Effective tissue reperfusion (perfusion restoration sufficient to meet metabolic demand) is a critical determinant for salvage of the ischemic penumbra and subsequent clinical improvement when accomplished early after arterial occlusion.[1] With the advent of non-invasive, rapid methods to measure local perfusion using MR and CT, reperfusion has served as an imaging endpoint in recent stroke trials evaluating the efficacy of acute reperfusion therapies in patients with diffusion- or CT-perfusion mismatch.[4-6] While reperfusion, measured in a variety of ways, is associated with less infarct growth [7, 8] and improved clinical outcome after stroke,[8-10] it is not clear which perfusion parameter is optimal for detecting clinically-effective reperfusion as they have not been directly compared for prediction of neurological improvement and tissue salvage within a single study. Therefore, we investigated MTT, TTP, and Tmax to determine which reperfusion measurement was most strongly associated with neurological improvement (“clinically-relevant” reperfusion) and tissue salvage during acute ischemic stroke.

Methods

Patients and Inclusion Criteria

This study utilized data collected from a prospective observational MRI study in acute ischemic stroke patients at a large, urban, tertiary care referral center. After approval from the institutional review board, consecutive patients were enrolled within 4.5 hours of stroke onset based on the following pre-specified inclusion criteria: clinically-suspected acute cortical ischemic stroke; age ≥ 18 years; NIHSS ≥ 5; and patient or patient's next of kin capable of providing written informed consent. Exclusion criteria included bilateral strokes, infratentorial stroke, contraindication to MRI or MRI contrast, pregnancy, or any acute endovascular intervention. Both IV tPA-treated and untreated patients were included. The study imposed no delay in time-to-tPA treatment and no deviation from standard monitoring practices or standard inclusion/exclusion criteria for IV tPA administration. The NIHSS was collected prospectively by a stroke neurologist or research coordinator on admission, at all imaging time-points, and at one month follow-up. Clinical data including demographic data and past medical history were obtained by the coordinator prospectively at the time of patient enrollment.

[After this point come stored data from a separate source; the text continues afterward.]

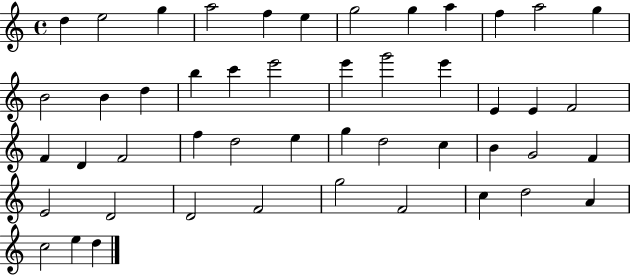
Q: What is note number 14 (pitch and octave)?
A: B4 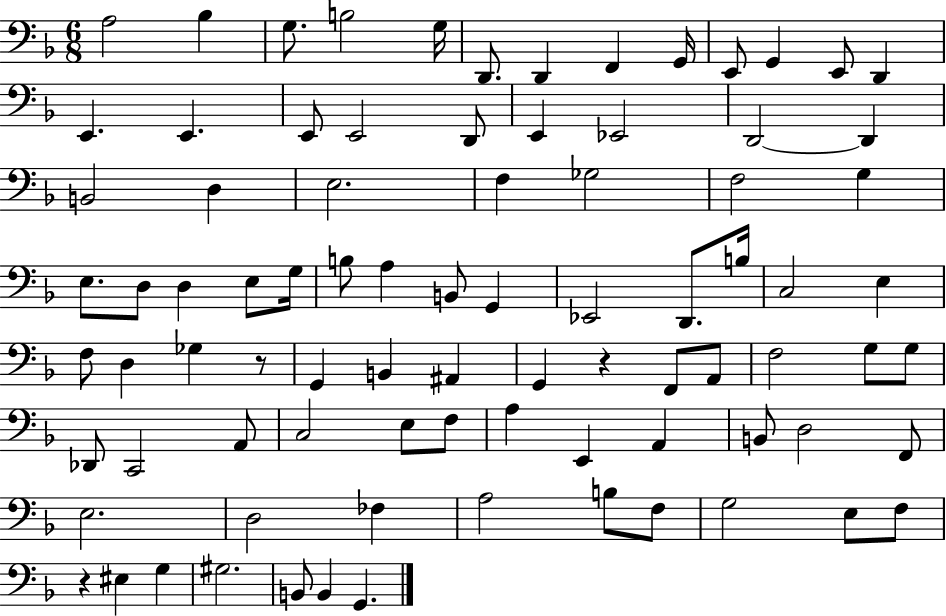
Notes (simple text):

A3/h Bb3/q G3/e. B3/h G3/s D2/e. D2/q F2/q G2/s E2/e G2/q E2/e D2/q E2/q. E2/q. E2/e E2/h D2/e E2/q Eb2/h D2/h D2/q B2/h D3/q E3/h. F3/q Gb3/h F3/h G3/q E3/e. D3/e D3/q E3/e G3/s B3/e A3/q B2/e G2/q Eb2/h D2/e. B3/s C3/h E3/q F3/e D3/q Gb3/q R/e G2/q B2/q A#2/q G2/q R/q F2/e A2/e F3/h G3/e G3/e Db2/e C2/h A2/e C3/h E3/e F3/e A3/q E2/q A2/q B2/e D3/h F2/e E3/h. D3/h FES3/q A3/h B3/e F3/e G3/h E3/e F3/e R/q EIS3/q G3/q G#3/h. B2/e B2/q G2/q. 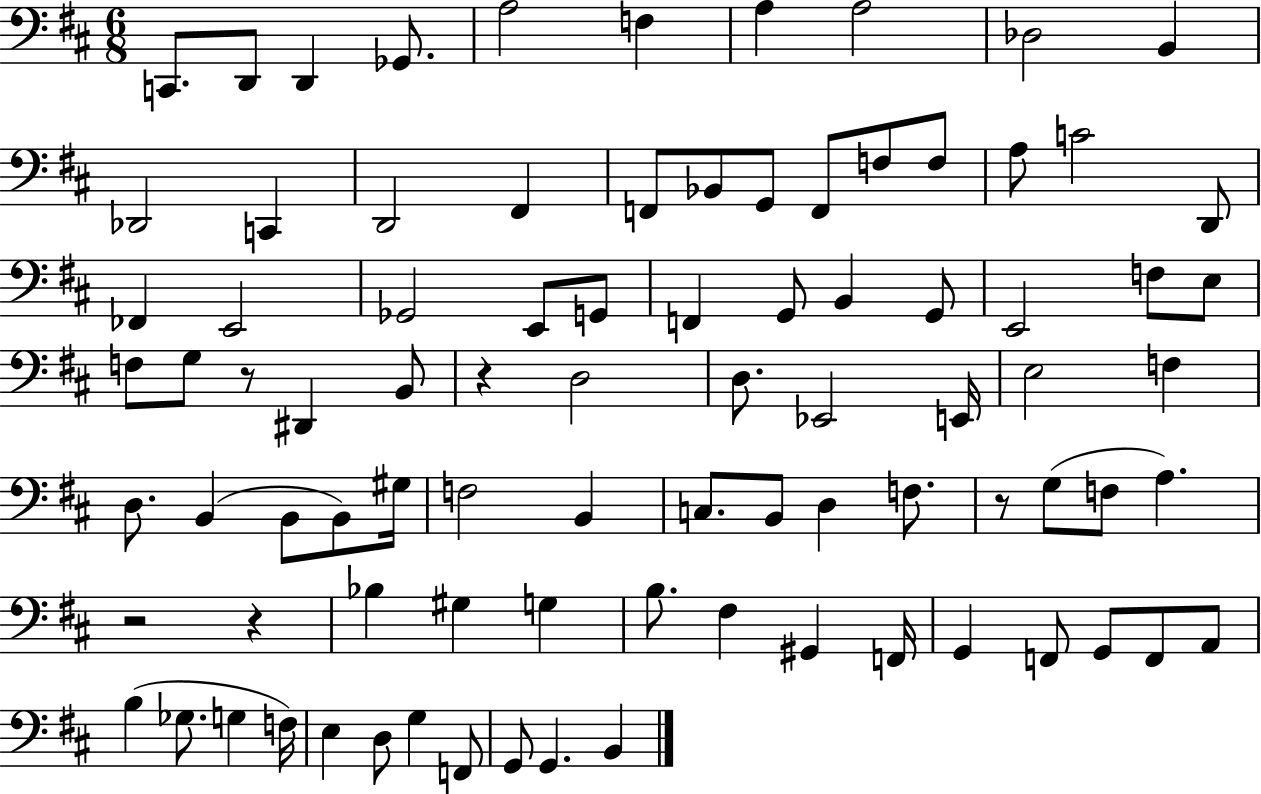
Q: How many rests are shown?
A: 5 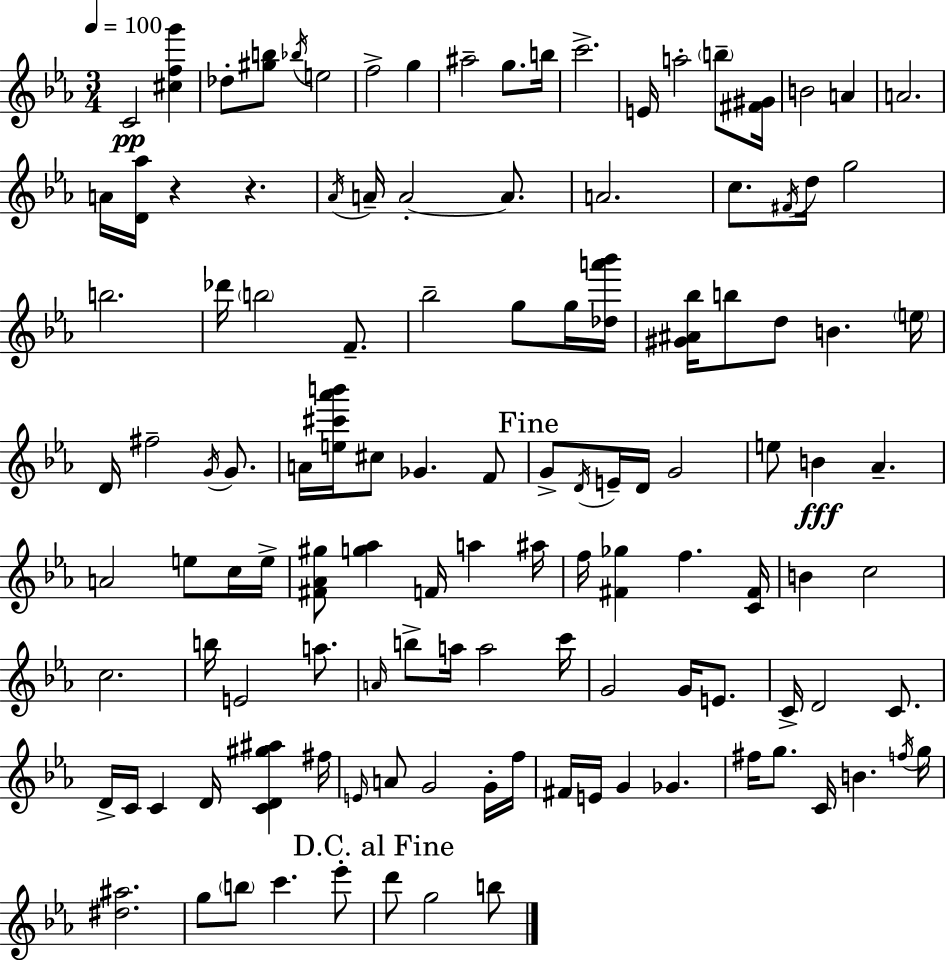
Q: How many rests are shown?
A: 2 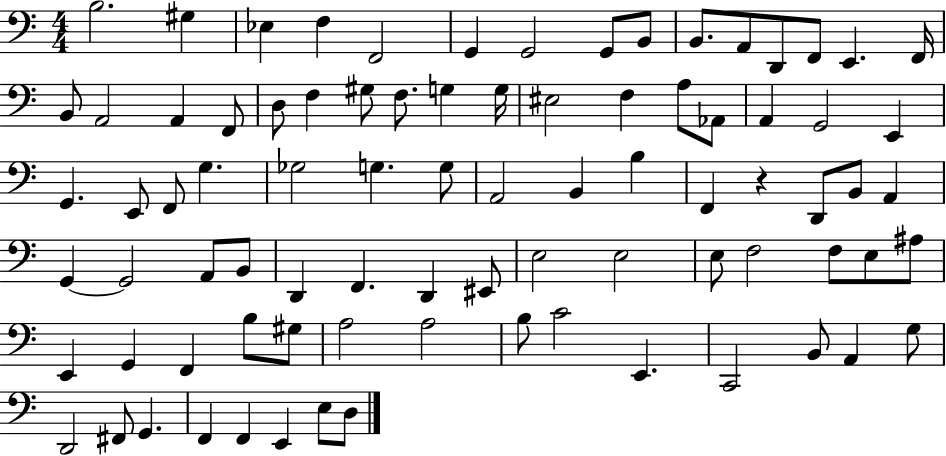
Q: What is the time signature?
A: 4/4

Magnetic Resonance Imaging Protocol

Patients underwent serial MRI scans within 4.5 hours (tp1), at 6 hours (tp2), and at 1 month after stroke onset, on a 3T Siemens whole body Trio scanner with a 12-channel head coil. For tPA-treated patients, tp1 was performed as soon as possible after IV tPA bolus (during tPA infusion). Because tissue fate depends on the history of perfusion change during the hyperacute phase of ischemia (while tissue may still be reversibly injured), we measured tissue reperfusion within the first six hours of onset to examine the correlation between reperfusion and clinical improvement. Six hours was chosen because reperfusion-based therapies administered within, but not beyond, this time-frame have demonstrated clinical efficacy.[11, 12]

The protocol included diffusion-weighted, FLAIR [TR/TE=10000/115ms; inversion time = 2500ms; matrix=512×416; 20 slices, slice thickness (TH)=5mm], and dynamic susceptibility contrast perfusion images with 0.2ml/kg gadolinium injected at 5ml/sec (T2*-weighted gradient echo EPI sequence; TR/TE=1500/43ms; 14 slices, TH=5mm, zero interslice gap; matrix=128×128).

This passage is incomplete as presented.